Exercise details
Your answer should be the lines from the start of the records through the line with "Матрас для ресниц", copied word for word.

Entries supplied

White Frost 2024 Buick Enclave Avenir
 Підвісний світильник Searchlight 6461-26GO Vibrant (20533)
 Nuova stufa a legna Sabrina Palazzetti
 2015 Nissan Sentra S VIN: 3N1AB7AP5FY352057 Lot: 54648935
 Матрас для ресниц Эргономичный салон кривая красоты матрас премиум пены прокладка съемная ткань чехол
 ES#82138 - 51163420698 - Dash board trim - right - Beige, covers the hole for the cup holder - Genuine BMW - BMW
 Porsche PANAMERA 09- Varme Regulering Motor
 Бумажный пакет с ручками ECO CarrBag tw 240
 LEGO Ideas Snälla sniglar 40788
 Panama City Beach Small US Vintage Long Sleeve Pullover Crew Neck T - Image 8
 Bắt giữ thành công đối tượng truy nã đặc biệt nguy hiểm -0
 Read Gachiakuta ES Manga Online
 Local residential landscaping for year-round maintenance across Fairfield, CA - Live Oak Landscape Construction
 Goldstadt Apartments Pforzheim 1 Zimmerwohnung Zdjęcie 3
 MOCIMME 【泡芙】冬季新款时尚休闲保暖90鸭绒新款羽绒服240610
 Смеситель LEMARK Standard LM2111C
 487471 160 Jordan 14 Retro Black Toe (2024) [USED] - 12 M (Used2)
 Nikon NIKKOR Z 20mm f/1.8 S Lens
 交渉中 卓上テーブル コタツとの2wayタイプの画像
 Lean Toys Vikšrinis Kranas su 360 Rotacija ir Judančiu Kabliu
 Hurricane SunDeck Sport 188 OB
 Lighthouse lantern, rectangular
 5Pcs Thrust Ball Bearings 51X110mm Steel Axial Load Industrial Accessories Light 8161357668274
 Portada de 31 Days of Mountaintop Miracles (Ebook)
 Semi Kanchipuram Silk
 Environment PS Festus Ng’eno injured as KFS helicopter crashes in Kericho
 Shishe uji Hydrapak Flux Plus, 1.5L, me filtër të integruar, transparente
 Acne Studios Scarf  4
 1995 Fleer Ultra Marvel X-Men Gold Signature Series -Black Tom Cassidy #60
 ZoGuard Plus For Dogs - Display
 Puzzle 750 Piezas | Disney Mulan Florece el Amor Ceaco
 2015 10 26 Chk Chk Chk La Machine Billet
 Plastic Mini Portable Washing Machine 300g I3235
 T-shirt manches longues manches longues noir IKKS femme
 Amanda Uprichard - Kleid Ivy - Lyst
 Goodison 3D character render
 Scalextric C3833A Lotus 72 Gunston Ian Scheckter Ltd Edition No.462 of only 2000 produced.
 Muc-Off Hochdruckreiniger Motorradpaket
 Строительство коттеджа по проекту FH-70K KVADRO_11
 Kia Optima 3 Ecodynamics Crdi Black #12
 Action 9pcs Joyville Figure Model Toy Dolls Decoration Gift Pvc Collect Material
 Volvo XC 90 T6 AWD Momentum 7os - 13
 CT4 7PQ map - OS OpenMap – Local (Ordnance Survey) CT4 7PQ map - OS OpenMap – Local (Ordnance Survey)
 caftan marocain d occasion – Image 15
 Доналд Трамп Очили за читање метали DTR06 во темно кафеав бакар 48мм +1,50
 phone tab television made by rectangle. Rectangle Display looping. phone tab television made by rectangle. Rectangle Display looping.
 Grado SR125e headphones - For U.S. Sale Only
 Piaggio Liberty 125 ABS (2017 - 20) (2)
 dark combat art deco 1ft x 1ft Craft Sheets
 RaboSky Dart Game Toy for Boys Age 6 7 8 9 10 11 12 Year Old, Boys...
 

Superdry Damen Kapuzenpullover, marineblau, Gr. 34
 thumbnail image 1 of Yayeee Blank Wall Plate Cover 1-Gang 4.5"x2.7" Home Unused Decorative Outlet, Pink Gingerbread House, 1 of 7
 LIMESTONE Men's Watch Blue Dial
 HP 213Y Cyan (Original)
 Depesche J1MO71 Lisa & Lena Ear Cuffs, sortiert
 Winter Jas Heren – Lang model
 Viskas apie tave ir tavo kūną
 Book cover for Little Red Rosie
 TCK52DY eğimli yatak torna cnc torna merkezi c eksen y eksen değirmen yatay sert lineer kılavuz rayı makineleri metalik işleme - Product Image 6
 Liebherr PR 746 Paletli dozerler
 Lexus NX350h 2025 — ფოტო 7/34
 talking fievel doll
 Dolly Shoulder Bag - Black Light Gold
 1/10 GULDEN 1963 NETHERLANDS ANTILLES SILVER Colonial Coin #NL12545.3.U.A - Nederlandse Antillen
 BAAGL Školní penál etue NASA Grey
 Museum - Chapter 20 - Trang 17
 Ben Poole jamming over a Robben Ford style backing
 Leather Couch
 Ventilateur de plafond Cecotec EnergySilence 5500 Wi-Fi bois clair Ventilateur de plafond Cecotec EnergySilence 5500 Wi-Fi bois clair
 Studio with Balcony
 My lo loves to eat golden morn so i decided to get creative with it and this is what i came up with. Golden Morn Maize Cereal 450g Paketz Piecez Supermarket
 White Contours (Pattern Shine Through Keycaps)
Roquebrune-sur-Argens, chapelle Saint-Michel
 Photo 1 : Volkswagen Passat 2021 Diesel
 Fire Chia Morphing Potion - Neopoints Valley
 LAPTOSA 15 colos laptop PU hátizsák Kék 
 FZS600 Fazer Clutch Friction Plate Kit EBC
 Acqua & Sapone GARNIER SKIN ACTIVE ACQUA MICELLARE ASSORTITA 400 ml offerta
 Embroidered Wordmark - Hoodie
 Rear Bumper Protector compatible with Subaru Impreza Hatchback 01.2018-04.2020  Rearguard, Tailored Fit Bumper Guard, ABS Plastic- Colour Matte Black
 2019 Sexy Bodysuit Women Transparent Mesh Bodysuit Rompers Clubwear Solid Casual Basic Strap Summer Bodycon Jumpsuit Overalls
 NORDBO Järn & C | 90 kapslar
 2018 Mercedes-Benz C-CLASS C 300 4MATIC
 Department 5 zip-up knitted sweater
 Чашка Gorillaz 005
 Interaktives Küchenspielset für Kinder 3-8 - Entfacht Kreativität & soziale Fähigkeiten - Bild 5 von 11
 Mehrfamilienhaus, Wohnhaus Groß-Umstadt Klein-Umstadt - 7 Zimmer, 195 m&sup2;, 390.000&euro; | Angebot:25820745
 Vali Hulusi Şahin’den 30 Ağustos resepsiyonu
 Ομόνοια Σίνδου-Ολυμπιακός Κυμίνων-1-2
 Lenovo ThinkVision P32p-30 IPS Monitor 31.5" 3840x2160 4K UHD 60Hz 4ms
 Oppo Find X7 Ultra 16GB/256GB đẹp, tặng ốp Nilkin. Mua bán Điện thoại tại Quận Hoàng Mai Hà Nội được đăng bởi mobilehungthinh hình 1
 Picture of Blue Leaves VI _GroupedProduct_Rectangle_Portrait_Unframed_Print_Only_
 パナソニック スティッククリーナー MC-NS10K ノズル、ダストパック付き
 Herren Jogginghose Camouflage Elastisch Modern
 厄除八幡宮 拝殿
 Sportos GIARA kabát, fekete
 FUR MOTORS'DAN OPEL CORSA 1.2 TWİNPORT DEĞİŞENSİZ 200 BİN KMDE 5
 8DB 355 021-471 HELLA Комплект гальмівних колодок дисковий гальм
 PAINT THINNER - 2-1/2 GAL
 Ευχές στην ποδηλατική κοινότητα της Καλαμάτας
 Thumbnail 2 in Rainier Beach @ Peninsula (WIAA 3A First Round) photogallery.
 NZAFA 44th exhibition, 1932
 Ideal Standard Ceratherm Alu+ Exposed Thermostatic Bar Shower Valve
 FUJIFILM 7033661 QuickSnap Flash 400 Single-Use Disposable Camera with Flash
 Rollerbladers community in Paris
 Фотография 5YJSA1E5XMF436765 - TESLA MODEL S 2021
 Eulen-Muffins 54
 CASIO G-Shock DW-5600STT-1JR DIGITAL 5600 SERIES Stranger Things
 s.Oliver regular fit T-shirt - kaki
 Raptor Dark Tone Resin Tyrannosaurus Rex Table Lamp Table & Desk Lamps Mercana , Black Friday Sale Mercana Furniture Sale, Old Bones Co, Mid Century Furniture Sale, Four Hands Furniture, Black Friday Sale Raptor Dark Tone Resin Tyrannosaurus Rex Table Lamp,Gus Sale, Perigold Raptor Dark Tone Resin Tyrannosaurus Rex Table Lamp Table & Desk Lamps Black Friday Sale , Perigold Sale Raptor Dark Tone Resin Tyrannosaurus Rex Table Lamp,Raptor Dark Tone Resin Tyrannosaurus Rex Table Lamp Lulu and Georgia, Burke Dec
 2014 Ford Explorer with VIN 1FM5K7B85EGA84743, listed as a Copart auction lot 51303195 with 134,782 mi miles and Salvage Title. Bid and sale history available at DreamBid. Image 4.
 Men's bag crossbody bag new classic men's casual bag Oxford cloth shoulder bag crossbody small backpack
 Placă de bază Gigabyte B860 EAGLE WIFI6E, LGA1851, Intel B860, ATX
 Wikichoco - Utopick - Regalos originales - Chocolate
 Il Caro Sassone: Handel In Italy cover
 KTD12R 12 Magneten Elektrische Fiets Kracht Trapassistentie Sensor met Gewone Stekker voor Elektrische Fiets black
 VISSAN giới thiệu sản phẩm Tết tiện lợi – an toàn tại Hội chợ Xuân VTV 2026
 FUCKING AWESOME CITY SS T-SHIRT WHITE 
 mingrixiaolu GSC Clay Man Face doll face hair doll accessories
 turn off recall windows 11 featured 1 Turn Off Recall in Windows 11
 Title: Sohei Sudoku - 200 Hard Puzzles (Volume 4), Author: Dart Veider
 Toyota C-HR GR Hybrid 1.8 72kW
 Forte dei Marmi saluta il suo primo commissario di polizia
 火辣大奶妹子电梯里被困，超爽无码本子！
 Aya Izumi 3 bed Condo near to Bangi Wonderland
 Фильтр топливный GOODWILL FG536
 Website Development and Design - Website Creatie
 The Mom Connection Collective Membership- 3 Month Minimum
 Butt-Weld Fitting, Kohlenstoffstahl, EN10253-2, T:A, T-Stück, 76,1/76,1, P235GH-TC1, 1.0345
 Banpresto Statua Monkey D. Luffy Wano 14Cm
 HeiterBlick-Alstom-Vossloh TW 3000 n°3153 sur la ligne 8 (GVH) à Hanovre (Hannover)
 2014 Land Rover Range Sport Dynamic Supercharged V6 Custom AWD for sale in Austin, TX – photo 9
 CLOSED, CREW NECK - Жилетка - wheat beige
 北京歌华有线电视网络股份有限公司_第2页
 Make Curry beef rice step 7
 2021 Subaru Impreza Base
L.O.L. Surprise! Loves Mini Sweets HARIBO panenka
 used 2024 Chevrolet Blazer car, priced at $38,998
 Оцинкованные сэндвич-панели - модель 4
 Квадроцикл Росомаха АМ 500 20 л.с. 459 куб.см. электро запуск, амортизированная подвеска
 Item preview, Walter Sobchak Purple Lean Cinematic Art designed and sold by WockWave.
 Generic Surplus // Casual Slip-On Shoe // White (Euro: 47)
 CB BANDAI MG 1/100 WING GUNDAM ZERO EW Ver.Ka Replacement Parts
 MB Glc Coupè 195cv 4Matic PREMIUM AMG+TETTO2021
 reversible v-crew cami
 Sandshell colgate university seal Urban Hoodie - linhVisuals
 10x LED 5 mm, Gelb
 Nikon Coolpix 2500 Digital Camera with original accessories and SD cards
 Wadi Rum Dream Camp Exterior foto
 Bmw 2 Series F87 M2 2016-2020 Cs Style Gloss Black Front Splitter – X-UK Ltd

Solution for this task
White Frost 2024 Buick Enclave Avenir
 Підвісний світильник Searchlight 6461-26GO Vibrant (20533)
 Nuova stufa a legna Sabrina Palazzetti
 2015 Nissan Sentra S VIN: 3N1AB7AP5FY352057 Lot: 54648935
 Матрас для ресниц Эргономичный салон кривая красоты матрас премиум пены прокладка съемная ткань чехол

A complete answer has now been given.